Me and This Houseplant-Ms. Calathea: You Can Grow That!
I’m going to tell you a story.
It may be a story that you’ve experienced yourself.
With your own picky houseplant that obviously has a mind of its own.
So I get this houseplant a few years ago. Gorgeous—right! Ms. Calathea pulled me in with her fabulous leaves, and I took her home.
(Healthy Houseplants.com)
All things are good at first. I’m watering her—feeding her some good organic houseplant food, and then one day she is obviously starting to struggle some. Her leaf tips start to burn. And she needs watering constantly. She basically communicates that she wants a bigger pot, so I oblige.
https://www.healthyhouseplants.com/why-are-the-tips-of-your-houseplan
Ms. Calathea responds by growing even more gorgeous than before! I was so happy that I’d listened and repotted her.

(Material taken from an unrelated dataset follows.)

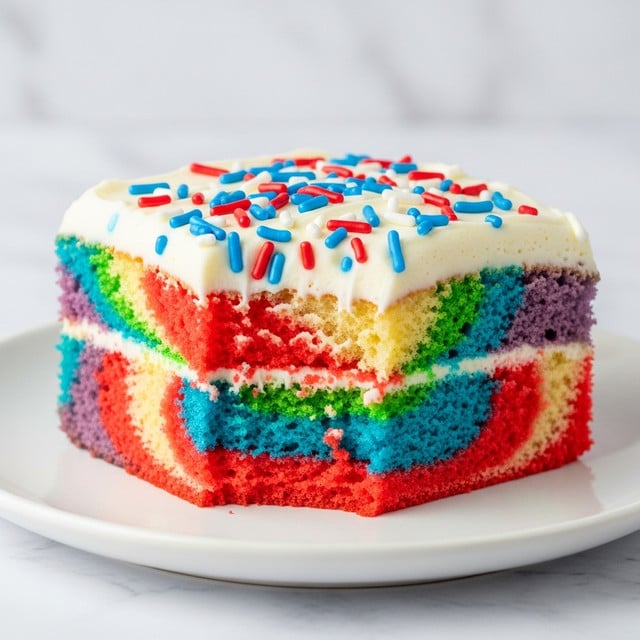 A square piece of colorful sponge cake sits on a white plate with a white marbled background. The cake has a soft texture with visible multicolored swirls in shades of red, blue, green, and purple blending through the light yellow sponge base. On top, there is a thick layer of smooth white frosting, decorated with red, blue, and white sprinkles scattered unevenly. A bite is taken out of one side, revealing the moist inside of the cake layers. The scene is well-lit, making the colors of the cake and sprinkles bright and inviting. photo taken with an iphone --ar 4:5 --v 7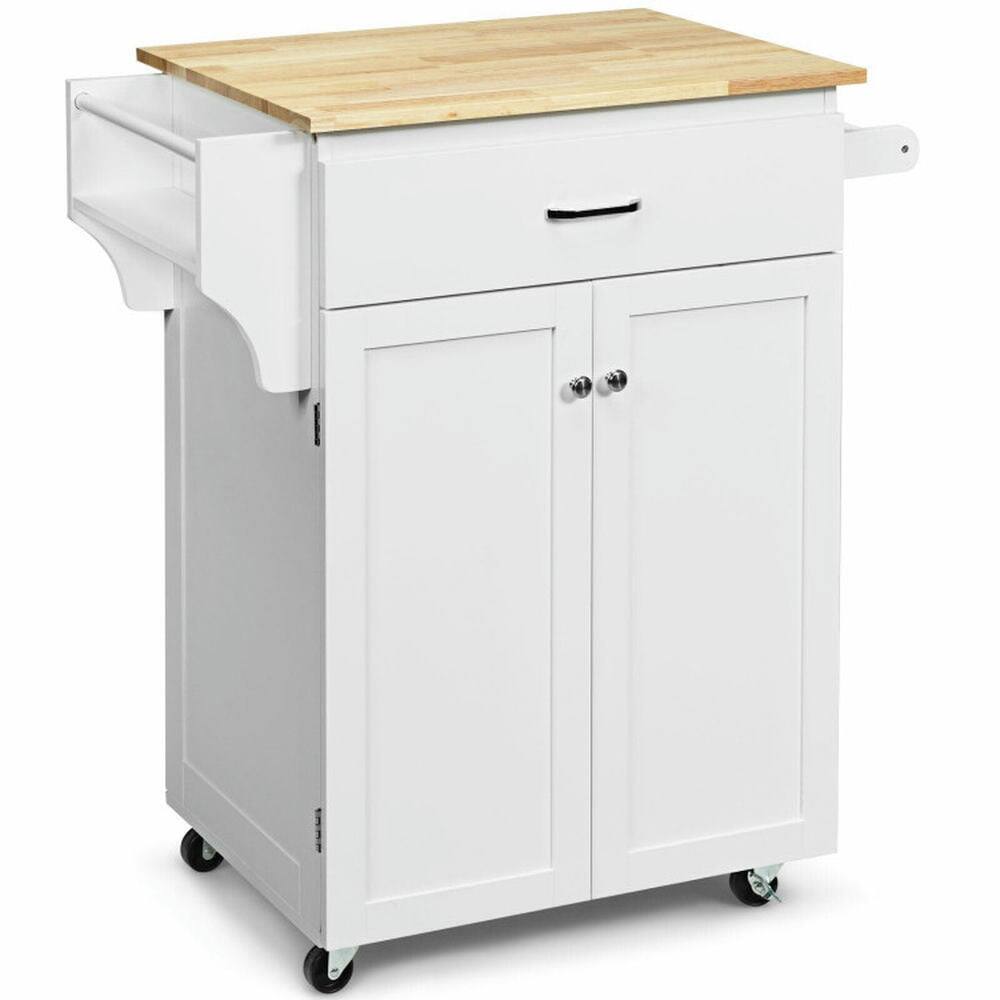 Left. Kadyn - Utility Rolling Storage Cabinet Kitchen Island Cart with Spice Rack-White, Kitchen Island, Island Table for Kitchen - White.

So one day when she’s starting to dry out again, I think, it’s time to repot you. I didn’t hear anything from her, but I figured I’d take things into my own hands (yes, pun intended) and go get a pot and repot her.
So I do.
Ms. Calathea is silent during the process, and I’m thinking at the back of my mind, she doesn’t like this new pot. I think she’s pouting. But what’s not to love with this new container? It’s bigger. It’s even more gorgeous. It’ll give her more root room, and I won’t have to water her constantly.
Boy, did she not like the new pot. She responded to the fact that she hadn’t told me to repot her by becoming riddled with brown leaf tips. And then she started to die.
Sigh.
I was understandably distraught.
Here I was trying to make things better for her, and it looked like I was going to kill Ms. Calathea with kindness.
(HealthyHouseplants.com)
Then I realized. She wanted to go back into the prior pot.
So I repotted Ms. Calathea into that same pot. And you know what! She responded by immediately springing back to life—throwing on new leaves. Here she is above just two weeks after repotting—when prior the only thing left was that one bedraggled leaf.
I originally kept that leaf on there, because in order to regenerate and be saved, a plant needs at least one leaf to photosynthesize. So if you’re ever trying to revive an ailing plant, don’t cut off all the yucky leaves!
Now I’m keeping that leaf on to show you how bad she looked. And I think I’m keeping that leaf on to remind me to listen to her first. Because she’s obviously the bossy, cantankerous sort.
What is it about me and this houseplant? It looks like it’s about me and learning to listen to my houseplants even more than I do now.
I think Ms. Calathea likes the daily attention. That’s why she likes the smaller pot.
We’ll see what she wants next. I’m hearing a call for fertilizer…..So I better go before someone throws a fit….
Do you have a houseplant that has a mind of his or her own?